3. As an alternative to the JBL stuff I've looked into what else I can easily obtain in the UK. My options are Tetra Pro Algae crisps, Sera Flora and Tropical Malawi flake. Which of these would be my best option to give a more balanced daily flake with less spirulina as I cant find an ingredient list for any of them online.
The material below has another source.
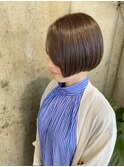 ★透明感ボブ白髪カバー◎stylist Nao
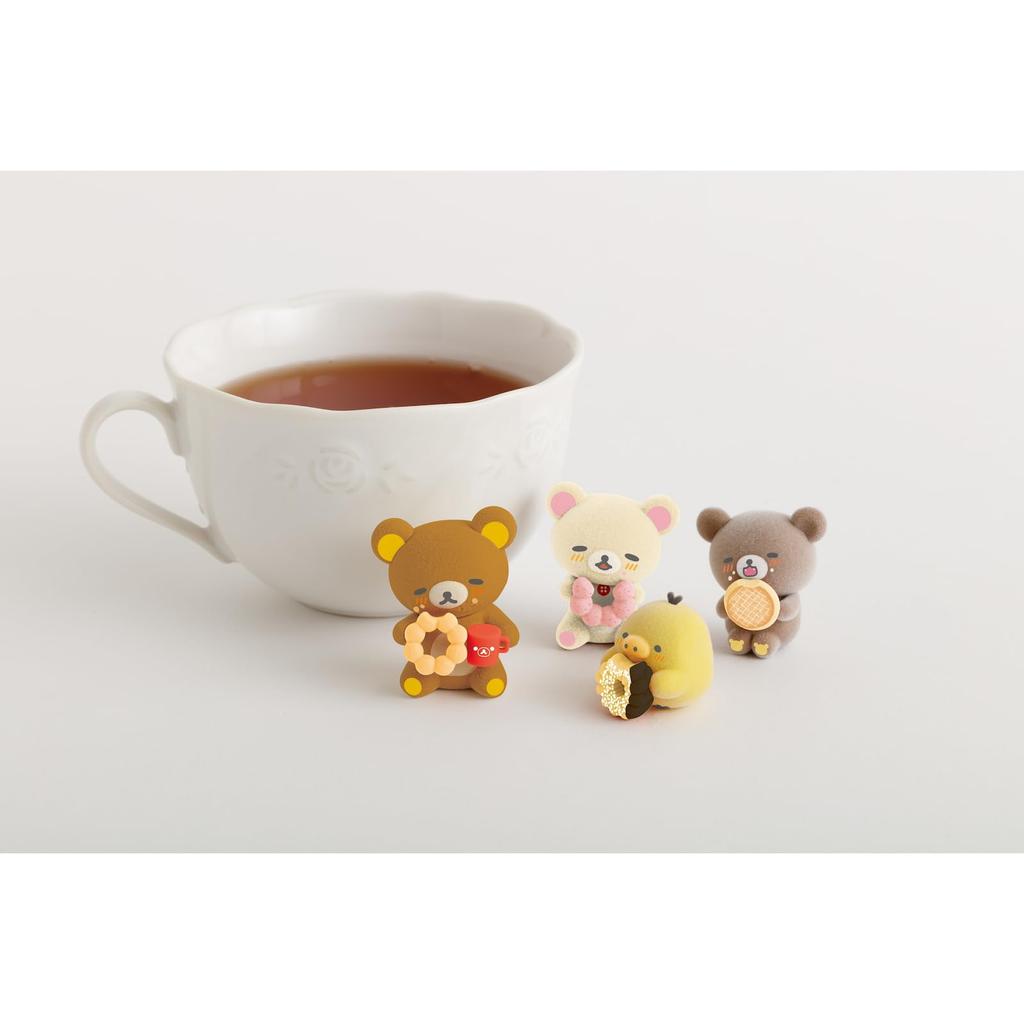 San-X Rilakkuma „Rilakkuma x Mister Donut“ Petit Rilakkuma Mama Scotch (Pon de Ring) AB34601 V35 x Š30 x H30mm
4. NLS is not really an option to me here in wales, I know you all love it over in America but it's not available here. I can and will buy Vitalis green pellets (which is the new rebrand name of New Era), and I'm led to believe these are brilliant, but is feeding the same pellets every day bad for the fish? This is why I'm looking for a good flake to alternate with these pellets.

Thank you in advance.


----------



## DJRansome (Oct 29, 2005)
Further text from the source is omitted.